The ban on Burqa in France is a knee-jerk reactionary measure taken by the
frightened French society which doesn't have a clue that their real fight
should be against the evil ideology of Islam and that burqa-forced-on-women is
but a small piece of that evil ideology.

Now the Islam apologists will take undue advantage of this ban by citing
western ideals like "freedom of choice" and that "burqa is a choice made by
Muslim women" and so on.

Hence, the French and western society should realize that they must not only
stand fast and firm behind people like Charlie Hebdo editors and the
cartoonists who drew Muhammad's cartoons but also encourage them and other
people to do so again and again. The western society should tell the Muslims
in unequivocal terms that "the Muslims should learn to get offended and also
learn the more civilized ways of living in the world. That Allah, Muhammad,
Islam and Islamic practices are a proper target of ridicule, criticism and
humor. That Quran is not last word here in the west. That Charlie Hebdo and
other cartoonists are our people and we can't let their freedom get trampled
just because Muslims think their feelings/sentiments get hurt."

So, yes, you are right that the French action is more in line with the
religions. But we must remember that this is a start of the (potentially long
drawn) fight against the evil ideology of Islam and burqa (and women's
clothing) is nonetheless a significant part that helps us bring out certain
evil aspects of this vicious ideology in public discourse.

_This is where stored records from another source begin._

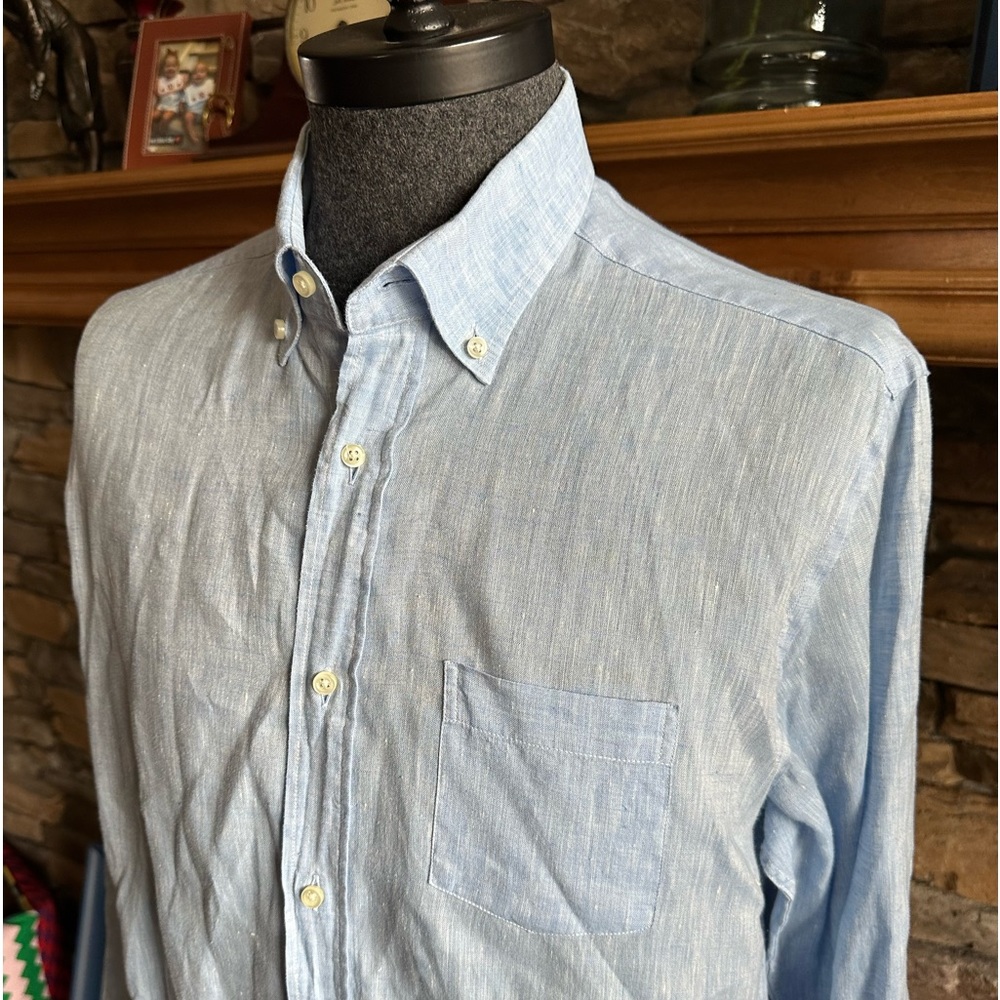 ALAN PAINE Men’s Blue 💯 Linen Long Sleeve Button Down Shirt - Size LARGE - Picture 2 of 13
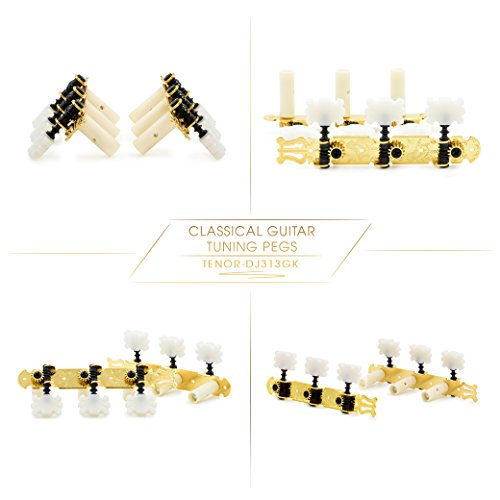 Dj313Gk Tenor Classical Guitar Tuners, Tuning Key Pegs/Machine Heads For Classical Or Flamenco Guitar With Gold Plated Finish And Pearl Colored Butterfly Buttons. #TOP3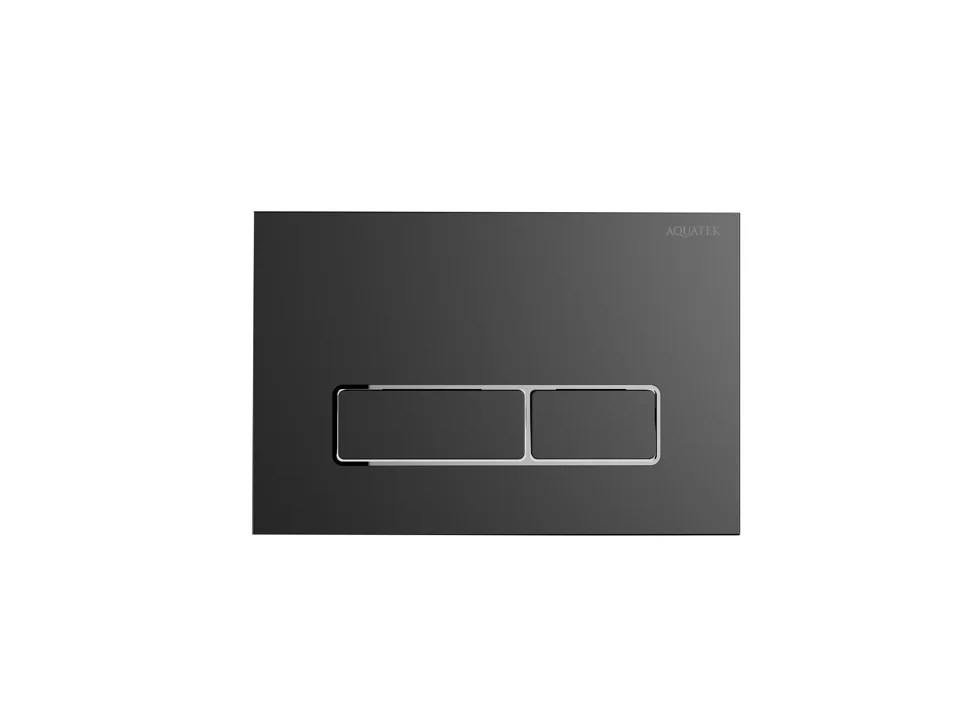 Клавиша смывная AQUATEK KDI-0000065 (HC-1) 162*244 мм, оружейная сталь матовая, ободок хром (клавиши прямоугольные)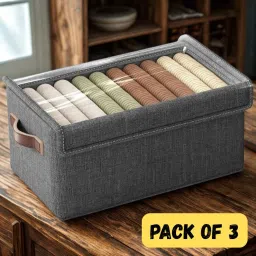 Ashmakam 3 Pcs Storage Box with Lid, Compact Organizers for Underbed Storage Poly-canvas Laundry Bag-9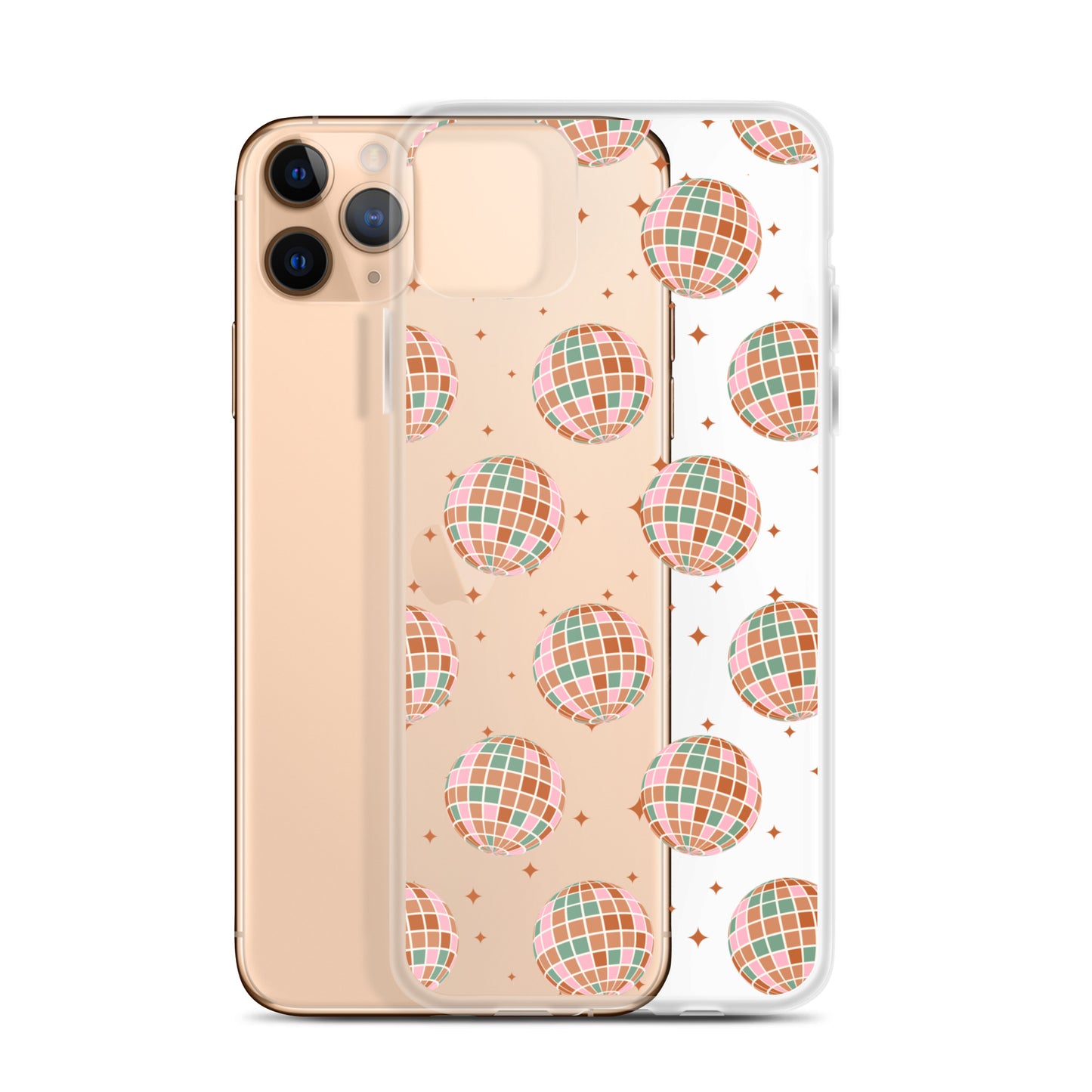 Brown Boho Disco Balls Clear iPhone Case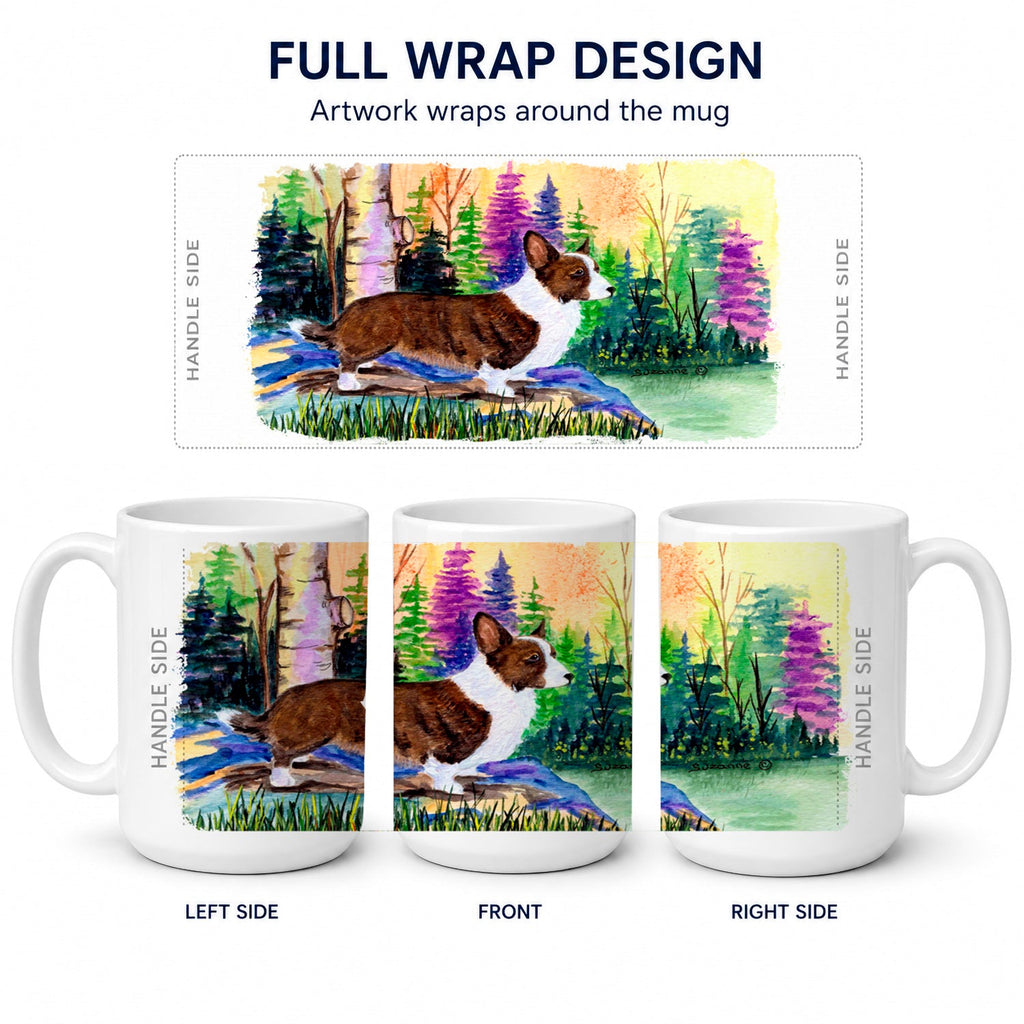 Corgi Ceramic Coffee Mug 15 oz Decorative Large C Handle Mug Cup for Tea, Cocoa Hot Chocolate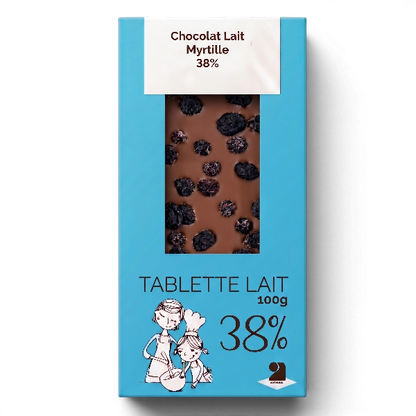 Tablette de chocolat lait 38% - Myrtille 100g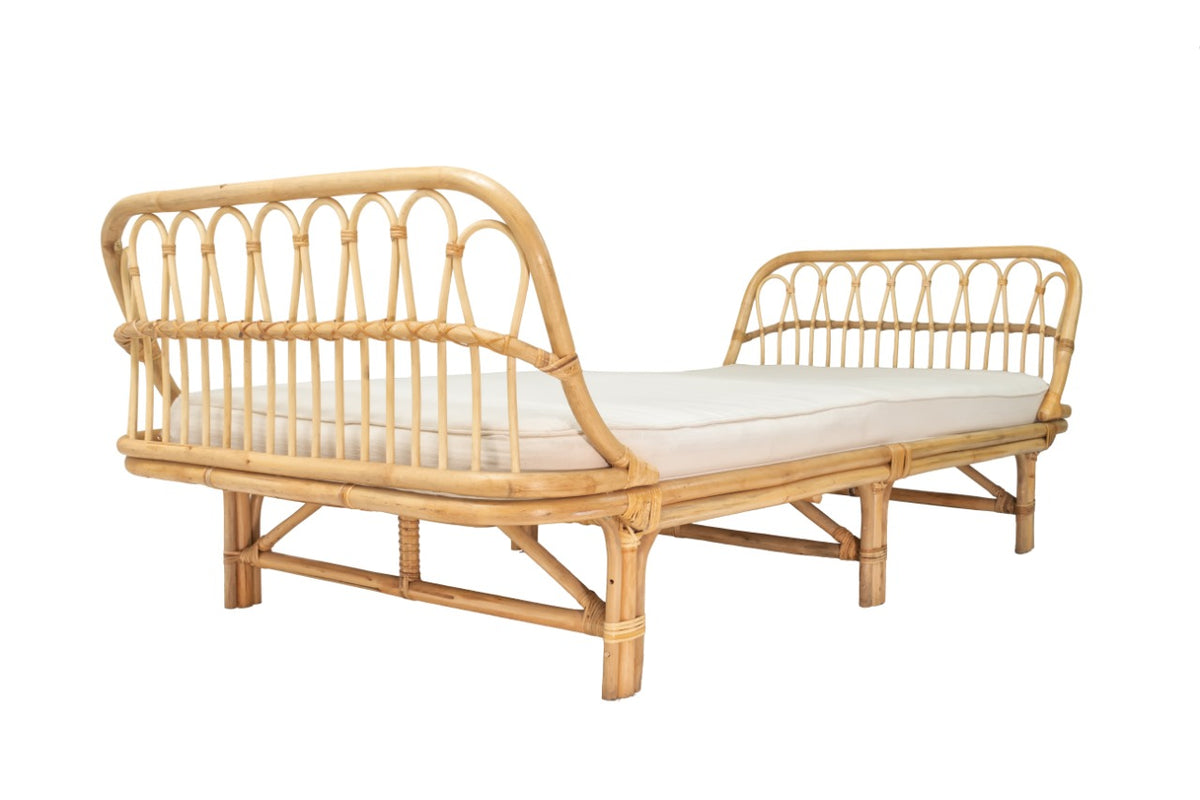 Rattan sofa – Charmella Curve, natural natural materials in boho style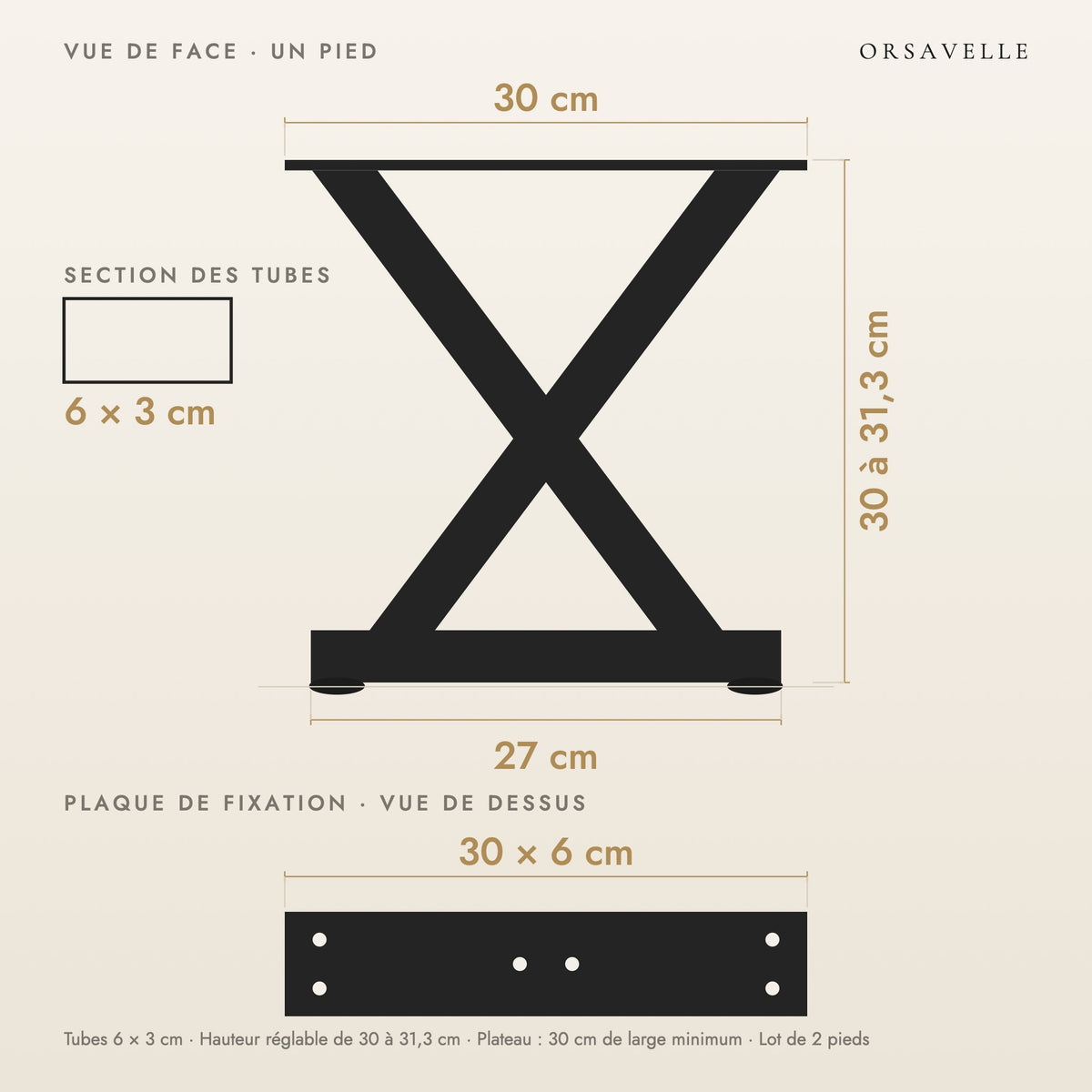 Schéma coté des Pieds de table basse en X en acier, Lot de 2, 30 × 30 cm : vue de face d'un pied, plaque de fixation, dimensions en cm
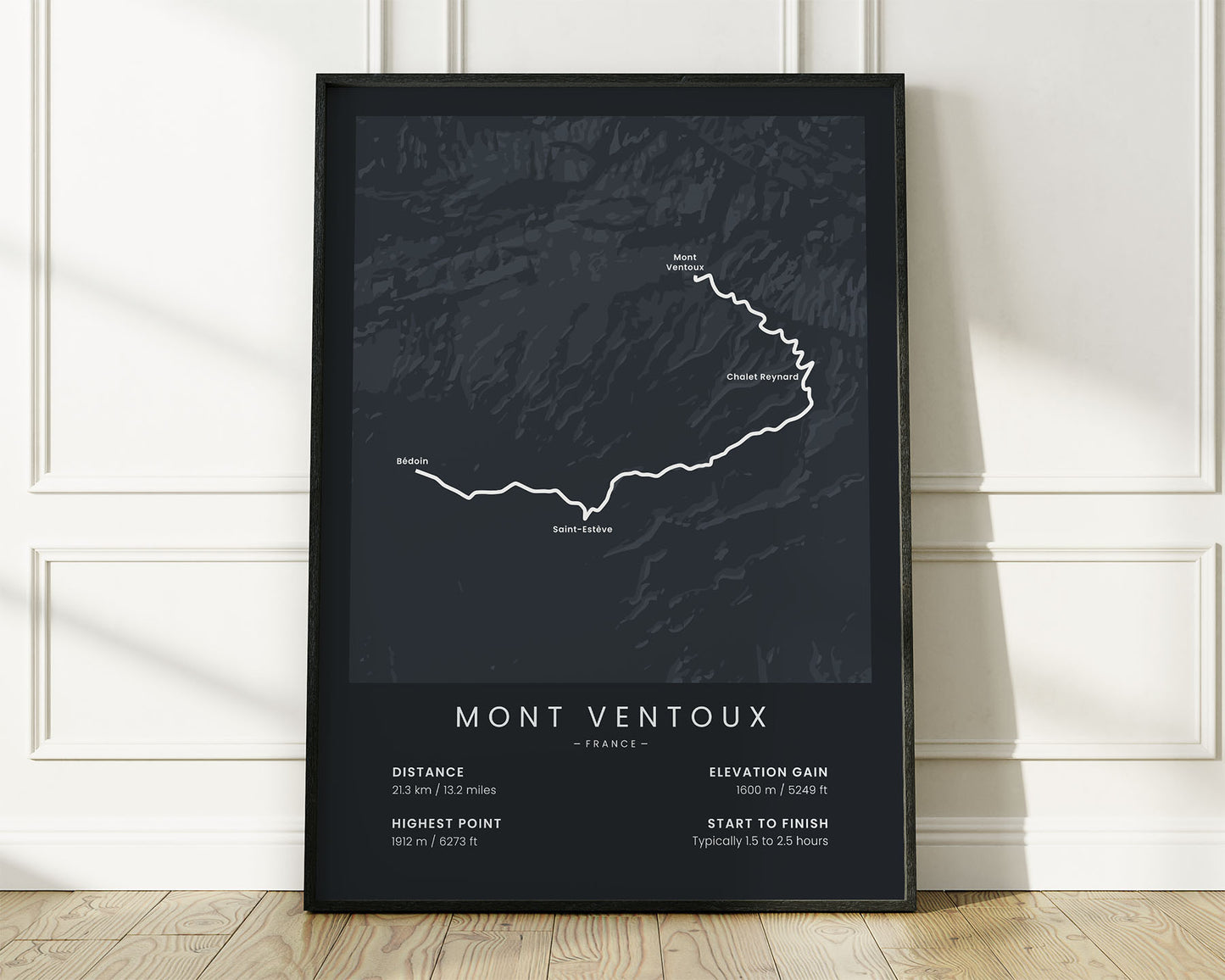 Mont Ventoux (France) bicycle art print with Black Background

BTW, you should realize that despite this ban, the French society is far from
controlling most aspect of human life like the way Islam (or any other
religion) does.

Edit: added last para (BTW...).

------
AlexOrtiz201
I love it, I feel like a saw an article linked through hn about the fact that
so al-queda and extremist groups supposedly want exactly this to happen.
Something along the lines of how this was a strategy for recruitment.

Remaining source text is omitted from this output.